Material provided

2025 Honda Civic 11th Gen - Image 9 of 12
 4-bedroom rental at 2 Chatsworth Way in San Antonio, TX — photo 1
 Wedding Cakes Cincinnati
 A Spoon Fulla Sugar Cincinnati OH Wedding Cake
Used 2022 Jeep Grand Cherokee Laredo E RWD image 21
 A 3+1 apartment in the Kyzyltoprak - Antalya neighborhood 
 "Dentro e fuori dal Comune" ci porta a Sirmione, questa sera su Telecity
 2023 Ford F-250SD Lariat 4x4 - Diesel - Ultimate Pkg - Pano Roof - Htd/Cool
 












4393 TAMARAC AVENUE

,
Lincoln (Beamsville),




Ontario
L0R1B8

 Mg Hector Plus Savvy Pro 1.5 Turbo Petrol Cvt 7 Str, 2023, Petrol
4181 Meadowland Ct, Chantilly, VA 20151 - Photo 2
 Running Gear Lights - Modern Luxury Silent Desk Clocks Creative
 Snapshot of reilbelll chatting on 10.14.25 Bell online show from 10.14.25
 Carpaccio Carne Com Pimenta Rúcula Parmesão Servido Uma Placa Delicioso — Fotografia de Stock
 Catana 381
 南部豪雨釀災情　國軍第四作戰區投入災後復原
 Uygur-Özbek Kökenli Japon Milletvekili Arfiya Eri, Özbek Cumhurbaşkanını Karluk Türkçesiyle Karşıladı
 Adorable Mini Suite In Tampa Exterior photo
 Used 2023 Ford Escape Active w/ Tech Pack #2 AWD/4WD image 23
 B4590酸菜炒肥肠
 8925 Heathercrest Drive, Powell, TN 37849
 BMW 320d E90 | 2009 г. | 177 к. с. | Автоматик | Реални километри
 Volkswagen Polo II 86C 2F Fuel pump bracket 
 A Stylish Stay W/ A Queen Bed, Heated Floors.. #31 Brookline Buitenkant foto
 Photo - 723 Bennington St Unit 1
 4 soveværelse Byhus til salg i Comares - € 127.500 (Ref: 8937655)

The task
Check each line of the material for the word "Wedding". Copy the ones that have it.

Finished exercise
 Wedding Cakes Cincinnati
 A Spoon Fulla Sugar Cincinnati OH Wedding Cake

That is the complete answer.